Les Loups (prix Goncourt 1932), c'était plus particulièrement le roman de Maximilien Jobourg, l'héritier des maîtres de forges havrais, le père de Vincent, de Didier, de Geneviève, que nous retrouvons dans Valfort, à l'âge des passions. AuxLoups succédèrent Le Capitaine Durban, puis Les Îles du matin.
Dans Valfort, le personnage central, celui qui précipite les événements, vers qui tout converge, c'est Thérèse, diaboliquement jolie, intelligente et volontaire. Vincent forme avec elle un contraste parfait ; lui, le boiteux, velléitaire, incapable d'obtenir le moindre succès.
Thérèse est la maîtresse d'un beau lieutenant de dragons, Frédéric Valfort, et pour préserver cet amour, elIe n'hésitera pas à briser tous les obstacles. Elle ne croit pas en Dieu. Elle est dans l'ordre du mal. Et là, nous touchons un des grands thèmes du livre, qui ressort avec éclat de la masse des événements : c'est que du mal ne peut sortir que le malheur ; un malheur grand comme la fatalité antique et qui n'épargne même pas les êtres qui, consciemment ou non, par amour ou par calcul, ont prêté aide et assistance aux réprouvés.
Vincent Jobourg souffre des cruautés de sa femme, avec une sensibilité toujours nouvelle. Par sa profondeur, sa subtilité, ses impuissances, il fait invinciblement songer à un héros de Dostoïevski.

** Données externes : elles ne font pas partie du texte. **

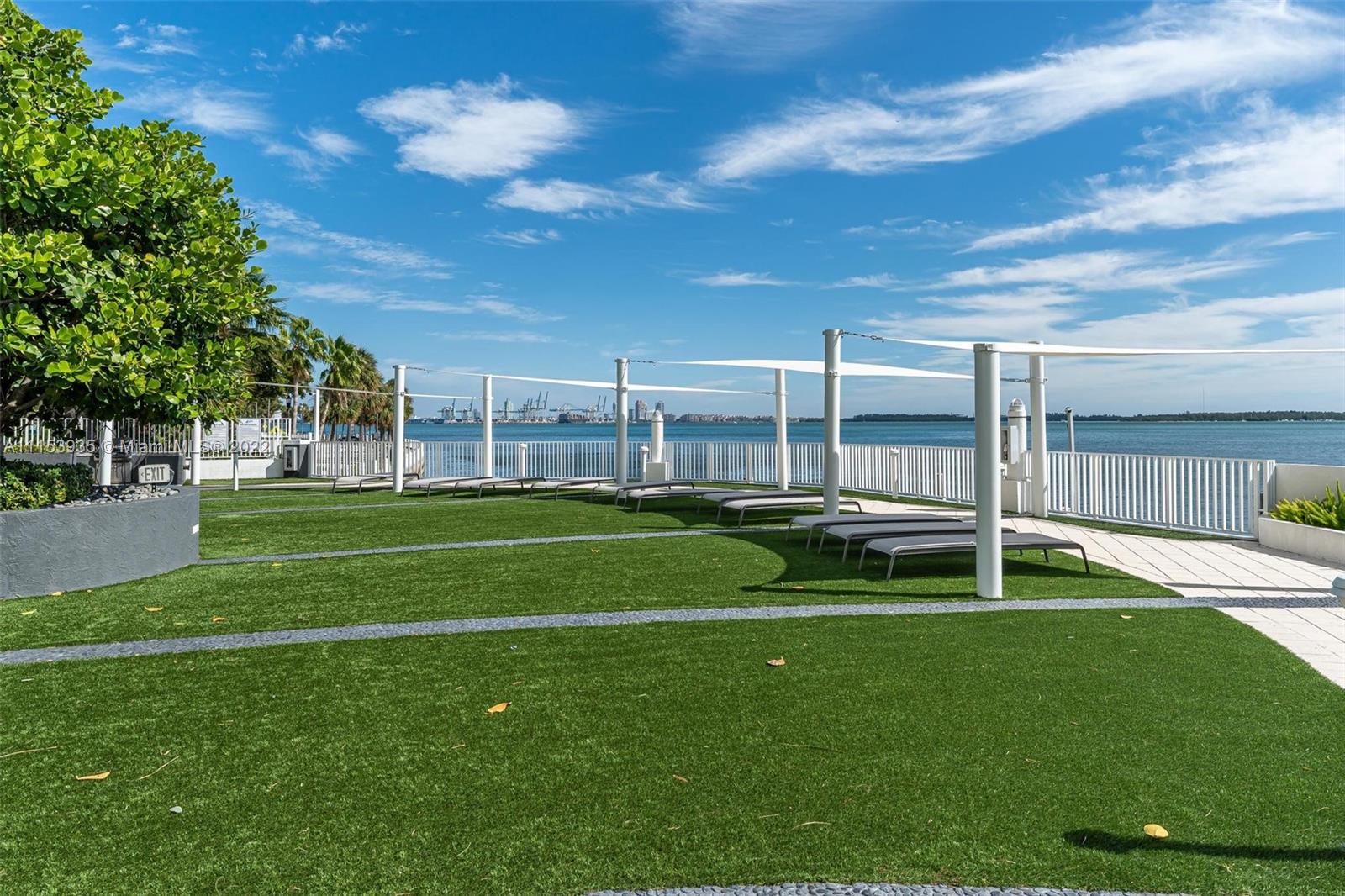 200 Southeast 15th Road, Unit 11H Miami, FL 33129 - Photo 7 of 20 a view of a house with a big yard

Autour de Valfort, cause cachée de tout le drame, autour de Vincent et de Thérèse, gravitent des êtres nombreux, peints avec des touches si justes qu'ils sont la vie même : Léontine, la petite servante qui a voué un culte à son maître ; Elisabeth Durban, autre cause, mais visible, involontaire, du drame, et blessée à mort par Thérèse ; Geneviève Saint-Rémon et tant d'autres. Et vers le thème central : l'amour extraordinaire de Thérèse pour Valfort, affluent une multitude de thèmes secondaires, bientôt étroitement liés les uns aux autres.
À rendre aussi présents des héros si nombreux et si divers, dans un univers romanesque aussi ample, Guy Mazeline montre une égale connaissance des hommes et de son art. Il y a peu d'exemples d'un «cycle» aussi complet que Le Roman des Jobourg. L'unité d'une telle œuvre est dans la vie prise avec tous ses cheminements, ses détours, ses piétinements, – la vie restituée avec son souffle éphémère, enfermée pour l'éternité dans le cercle de ses propres passions.